### WHAT YOU HAVE TO DO
Beginning with the line that contains "Mansur Gavriel Red Leather Circle Satchel" in the material below, print each line exactly until the line that contains "16G 3/8 Yellow" has been printed, then stop.
(SOURCE DATA Opens)
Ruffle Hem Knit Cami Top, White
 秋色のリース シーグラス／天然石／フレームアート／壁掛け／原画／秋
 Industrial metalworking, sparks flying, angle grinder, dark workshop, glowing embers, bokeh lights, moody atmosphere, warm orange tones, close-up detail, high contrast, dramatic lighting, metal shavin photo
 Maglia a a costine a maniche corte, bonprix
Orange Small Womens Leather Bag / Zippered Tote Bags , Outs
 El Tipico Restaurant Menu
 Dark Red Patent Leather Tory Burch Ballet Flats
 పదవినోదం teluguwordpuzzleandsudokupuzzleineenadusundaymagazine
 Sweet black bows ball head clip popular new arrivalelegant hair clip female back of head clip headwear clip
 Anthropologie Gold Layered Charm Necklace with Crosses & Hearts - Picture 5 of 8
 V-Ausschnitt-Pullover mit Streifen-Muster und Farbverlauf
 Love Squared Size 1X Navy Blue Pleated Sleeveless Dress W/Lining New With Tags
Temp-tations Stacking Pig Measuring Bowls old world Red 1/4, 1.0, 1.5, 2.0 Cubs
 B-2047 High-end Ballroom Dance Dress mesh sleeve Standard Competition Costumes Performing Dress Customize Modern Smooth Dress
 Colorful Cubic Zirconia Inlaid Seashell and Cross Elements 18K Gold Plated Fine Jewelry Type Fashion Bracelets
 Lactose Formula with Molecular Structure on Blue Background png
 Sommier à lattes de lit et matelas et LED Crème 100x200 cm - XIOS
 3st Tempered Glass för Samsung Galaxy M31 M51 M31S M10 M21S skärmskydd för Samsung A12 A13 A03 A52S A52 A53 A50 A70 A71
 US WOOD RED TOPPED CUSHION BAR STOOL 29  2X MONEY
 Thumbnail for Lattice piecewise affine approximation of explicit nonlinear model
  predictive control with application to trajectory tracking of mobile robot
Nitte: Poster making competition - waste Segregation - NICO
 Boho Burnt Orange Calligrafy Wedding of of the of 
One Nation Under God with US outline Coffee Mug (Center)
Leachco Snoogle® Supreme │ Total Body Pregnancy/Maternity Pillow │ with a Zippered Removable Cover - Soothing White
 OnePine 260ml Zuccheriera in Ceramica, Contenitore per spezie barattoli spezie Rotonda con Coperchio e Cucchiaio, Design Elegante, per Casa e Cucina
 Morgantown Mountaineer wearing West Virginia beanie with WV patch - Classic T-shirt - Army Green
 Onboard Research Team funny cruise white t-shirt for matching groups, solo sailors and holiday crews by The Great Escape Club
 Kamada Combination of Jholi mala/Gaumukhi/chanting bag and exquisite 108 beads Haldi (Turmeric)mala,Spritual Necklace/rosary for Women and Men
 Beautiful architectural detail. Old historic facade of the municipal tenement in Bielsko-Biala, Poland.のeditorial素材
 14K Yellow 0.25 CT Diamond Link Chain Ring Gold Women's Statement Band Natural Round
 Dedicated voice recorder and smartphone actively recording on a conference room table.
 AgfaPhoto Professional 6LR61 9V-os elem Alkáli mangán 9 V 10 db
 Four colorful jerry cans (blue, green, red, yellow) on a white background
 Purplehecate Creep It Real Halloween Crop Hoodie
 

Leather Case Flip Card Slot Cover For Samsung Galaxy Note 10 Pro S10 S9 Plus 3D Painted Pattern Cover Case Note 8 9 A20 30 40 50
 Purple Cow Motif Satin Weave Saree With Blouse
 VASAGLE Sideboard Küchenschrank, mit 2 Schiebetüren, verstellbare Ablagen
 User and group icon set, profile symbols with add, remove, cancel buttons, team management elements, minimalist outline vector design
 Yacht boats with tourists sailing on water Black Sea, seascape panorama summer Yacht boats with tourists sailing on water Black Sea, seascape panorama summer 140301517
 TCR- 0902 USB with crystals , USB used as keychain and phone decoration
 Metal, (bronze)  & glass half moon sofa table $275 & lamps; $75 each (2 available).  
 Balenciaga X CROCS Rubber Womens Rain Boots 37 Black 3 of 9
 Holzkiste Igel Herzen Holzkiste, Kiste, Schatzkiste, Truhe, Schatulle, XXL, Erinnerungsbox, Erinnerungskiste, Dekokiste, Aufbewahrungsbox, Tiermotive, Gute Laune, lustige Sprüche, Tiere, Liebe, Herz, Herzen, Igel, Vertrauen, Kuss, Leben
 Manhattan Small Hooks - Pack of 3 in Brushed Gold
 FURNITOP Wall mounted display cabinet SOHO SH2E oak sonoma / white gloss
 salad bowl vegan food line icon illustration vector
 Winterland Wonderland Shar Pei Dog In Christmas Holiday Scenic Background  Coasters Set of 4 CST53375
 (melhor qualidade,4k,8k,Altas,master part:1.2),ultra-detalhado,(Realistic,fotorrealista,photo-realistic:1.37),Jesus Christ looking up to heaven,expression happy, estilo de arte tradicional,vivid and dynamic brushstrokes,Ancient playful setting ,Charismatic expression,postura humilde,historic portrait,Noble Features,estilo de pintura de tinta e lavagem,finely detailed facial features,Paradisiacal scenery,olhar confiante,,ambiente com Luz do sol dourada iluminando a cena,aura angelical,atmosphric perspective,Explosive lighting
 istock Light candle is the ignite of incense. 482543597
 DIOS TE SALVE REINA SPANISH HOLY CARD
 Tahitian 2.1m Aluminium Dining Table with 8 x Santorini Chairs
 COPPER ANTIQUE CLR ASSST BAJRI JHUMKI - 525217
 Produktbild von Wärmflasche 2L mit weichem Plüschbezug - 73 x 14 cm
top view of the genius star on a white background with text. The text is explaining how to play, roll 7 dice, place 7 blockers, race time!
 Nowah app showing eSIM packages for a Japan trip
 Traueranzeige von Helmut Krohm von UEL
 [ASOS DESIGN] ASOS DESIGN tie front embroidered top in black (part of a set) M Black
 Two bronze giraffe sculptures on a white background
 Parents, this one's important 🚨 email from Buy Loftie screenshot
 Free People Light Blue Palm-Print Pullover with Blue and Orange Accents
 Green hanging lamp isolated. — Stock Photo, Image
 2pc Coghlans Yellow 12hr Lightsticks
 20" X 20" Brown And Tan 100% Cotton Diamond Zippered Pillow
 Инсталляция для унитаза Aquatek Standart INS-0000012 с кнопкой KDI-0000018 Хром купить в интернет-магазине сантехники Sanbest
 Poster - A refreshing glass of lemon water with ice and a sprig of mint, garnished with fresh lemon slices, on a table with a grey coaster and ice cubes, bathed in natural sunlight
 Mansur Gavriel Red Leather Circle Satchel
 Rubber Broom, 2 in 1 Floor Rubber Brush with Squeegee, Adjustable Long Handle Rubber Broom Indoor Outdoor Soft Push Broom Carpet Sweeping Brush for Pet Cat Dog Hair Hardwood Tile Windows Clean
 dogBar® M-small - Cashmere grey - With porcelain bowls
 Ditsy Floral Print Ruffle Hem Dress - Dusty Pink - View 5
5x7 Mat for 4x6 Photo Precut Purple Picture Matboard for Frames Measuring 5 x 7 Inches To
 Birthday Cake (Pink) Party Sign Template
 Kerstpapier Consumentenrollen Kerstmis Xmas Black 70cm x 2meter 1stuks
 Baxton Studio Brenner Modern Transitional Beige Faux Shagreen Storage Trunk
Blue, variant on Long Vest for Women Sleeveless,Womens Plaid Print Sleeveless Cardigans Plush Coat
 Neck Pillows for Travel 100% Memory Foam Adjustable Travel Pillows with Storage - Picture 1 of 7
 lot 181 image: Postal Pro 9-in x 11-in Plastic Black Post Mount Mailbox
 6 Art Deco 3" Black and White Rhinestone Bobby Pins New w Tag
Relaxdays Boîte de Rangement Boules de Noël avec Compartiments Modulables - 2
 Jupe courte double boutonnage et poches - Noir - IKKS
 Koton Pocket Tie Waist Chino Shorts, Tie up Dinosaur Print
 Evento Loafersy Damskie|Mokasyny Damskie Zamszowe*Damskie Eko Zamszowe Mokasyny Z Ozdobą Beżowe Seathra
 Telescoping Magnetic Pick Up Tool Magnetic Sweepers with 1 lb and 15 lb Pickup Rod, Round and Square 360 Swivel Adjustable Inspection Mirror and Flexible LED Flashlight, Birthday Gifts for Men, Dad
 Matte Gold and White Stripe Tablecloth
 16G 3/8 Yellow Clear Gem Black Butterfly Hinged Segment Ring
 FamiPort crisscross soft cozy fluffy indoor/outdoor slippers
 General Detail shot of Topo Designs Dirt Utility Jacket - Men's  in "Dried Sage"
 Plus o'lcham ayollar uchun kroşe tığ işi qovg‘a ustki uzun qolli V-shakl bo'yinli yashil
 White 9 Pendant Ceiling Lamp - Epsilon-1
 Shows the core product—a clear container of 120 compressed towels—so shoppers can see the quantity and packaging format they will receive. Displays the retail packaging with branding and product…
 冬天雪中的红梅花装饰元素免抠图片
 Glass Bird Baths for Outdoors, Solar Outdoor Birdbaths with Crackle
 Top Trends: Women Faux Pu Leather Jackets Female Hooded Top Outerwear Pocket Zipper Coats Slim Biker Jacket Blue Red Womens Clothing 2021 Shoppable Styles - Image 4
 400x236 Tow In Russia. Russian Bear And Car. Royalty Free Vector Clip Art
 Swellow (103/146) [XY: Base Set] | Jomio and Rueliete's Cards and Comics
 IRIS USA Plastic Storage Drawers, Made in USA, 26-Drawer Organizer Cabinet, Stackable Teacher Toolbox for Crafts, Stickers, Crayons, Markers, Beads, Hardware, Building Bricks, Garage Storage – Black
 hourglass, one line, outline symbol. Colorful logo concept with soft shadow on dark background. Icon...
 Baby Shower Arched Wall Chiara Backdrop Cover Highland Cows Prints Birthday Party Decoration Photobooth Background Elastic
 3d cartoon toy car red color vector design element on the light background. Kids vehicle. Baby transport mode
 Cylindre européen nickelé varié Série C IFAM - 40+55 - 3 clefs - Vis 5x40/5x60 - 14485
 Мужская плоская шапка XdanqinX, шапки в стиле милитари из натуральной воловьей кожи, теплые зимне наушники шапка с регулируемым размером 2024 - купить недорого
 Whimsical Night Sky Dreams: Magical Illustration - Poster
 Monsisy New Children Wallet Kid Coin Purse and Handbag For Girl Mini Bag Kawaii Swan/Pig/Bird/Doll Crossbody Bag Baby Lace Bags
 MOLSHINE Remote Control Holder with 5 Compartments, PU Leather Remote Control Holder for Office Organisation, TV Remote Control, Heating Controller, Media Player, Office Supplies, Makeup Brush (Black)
(SOURCE DATA Closes)
### SOLUTION FOR THIS EXERCISE
 Mansur Gavriel Red Leather Circle Satchel
 Rubber Broom, 2 in 1 Floor Rubber Brush with Squeegee, Adjustable Long Handle Rubber Broom Indoor Outdoor Soft Push Broom Carpet Sweeping Brush for Pet Cat Dog Hair Hardwood Tile Windows Clean
 dogBar® M-small - Cashmere grey - With porcelain bowls
 Ditsy Floral Print Ruffle Hem Dress - Dusty Pink - View 5
5x7 Mat for 4x6 Photo Precut Purple Picture Matboard for Frames Measuring 5 x 7 Inches To
 Birthday Cake (Pink) Party Sign Template
 Kerstpapier Consumentenrollen Kerstmis Xmas Black 70cm x 2meter 1stuks
 Baxton Studio Brenner Modern Transitional Beige Faux Shagreen Storage Trunk
Blue, variant on Long Vest for Women Sleeveless,Womens Plaid Print Sleeveless Cardigans Plush Coat
 Neck Pillows for Travel 100% Memory Foam Adjustable Travel Pillows with Storage - Picture 1 of 7
 lot 181 image: Postal Pro 9-in x 11-in Plastic Black Post Mount Mailbox
 6 Art Deco 3" Black and White Rhinestone Bobby Pins New w Tag
Relaxdays Boîte de Rangement Boules de Noël avec Compartiments Modulables - 2
 Jupe courte double boutonnage et poches - Noir - IKKS
 Koton Pocket Tie Waist Chino Shorts, Tie up Dinosaur Print
 Evento Loafersy Damskie|Mokasyny Damskie Zamszowe*Damskie Eko Zamszowe Mokasyny Z Ozdobą Beżowe Seathra
 Telescoping Magnetic Pick Up Tool Magnetic Sweepers with 1 lb and 15 lb Pickup Rod, Round and Square 360 Swivel Adjustable Inspection Mirror and Flexible LED Flashlight, Birthday Gifts for Men, Dad
 Matte Gold and White Stripe Tablecloth
 16G 3/8 Yellow Clear Gem Black Butterfly Hinged Segment Ring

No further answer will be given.